今回、お馴染みの赤レンガを蓄電池にして「電気を灯す」方法を米ワシントン大学が開発し、学術雑誌 「Nature Communications」で発表した。

研究チームが利用したのは、一般的な住宅資材販売店で購入した一個65セント(約70円)のレンガだが、通常のレンガだけでなく、リサイクルされたレンガでも蓄電池化できる。レンガ内部に存在するナノファイバーを使用して、導電性ポリマー(化合物)であるPEDOTと呼ばれるコーティングを作成することで製造が可能。
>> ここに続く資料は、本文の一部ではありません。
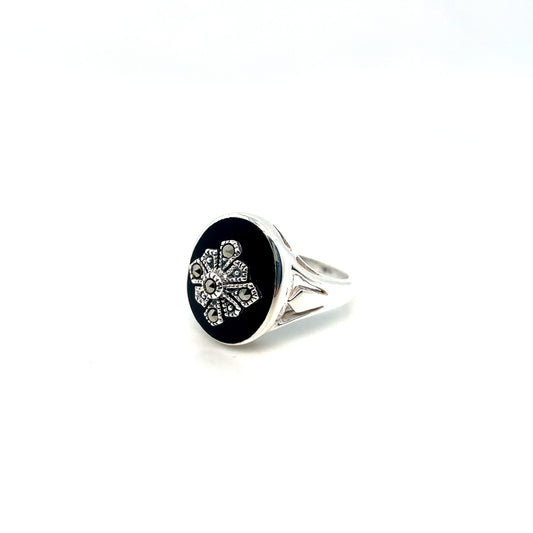 Vintage Oval & Black Onyx Silver Ring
赤レンガに含まれる酸化鉄や錆が、重合反応(ポリマーを合成するための化学反応)を引き起こすという。ポリマーコーティングが施されたレンガは、電気を貯蔵および伝導するイオンスポンジとして機能するため、非常用照明などに電力を供給できる建築用ブロックとしての貢献が期待されている。

レンガの蓄電池としての実用化に期待される方法が、レンガを太陽電池に接続すること。太陽光パネルは太陽光を利用して発電するものの蓄電機能をもたないが、太陽光パネルで発電した電力を蓄電池で貯めることで、電気が使用できるようになる。

Washington University, D’Arcy laboratoryより

さらに、1時間以内で数十万回の充電が可能と、エネルギーの効率性は高く、50個のレンガで、非常用照明に5時間電力を供給できるため、蓄電池として長く利用できる点が特徴だ。現在、緑色のLEDライトに直接電力を供給する赤レンガの画像も公開されている。

建築材料として世界中で広く使われ、身近に存在する建物など様々な場所で目にする赤レンガ。蓄電池としての役割を持つようになれば、災害などの緊急時にも非常用照明の電力源となり、多くの人々の命を守ってくれるだろう。

【参照サイト】

2020/9/3
IDEAS FOR GOOD
[原文はこちら]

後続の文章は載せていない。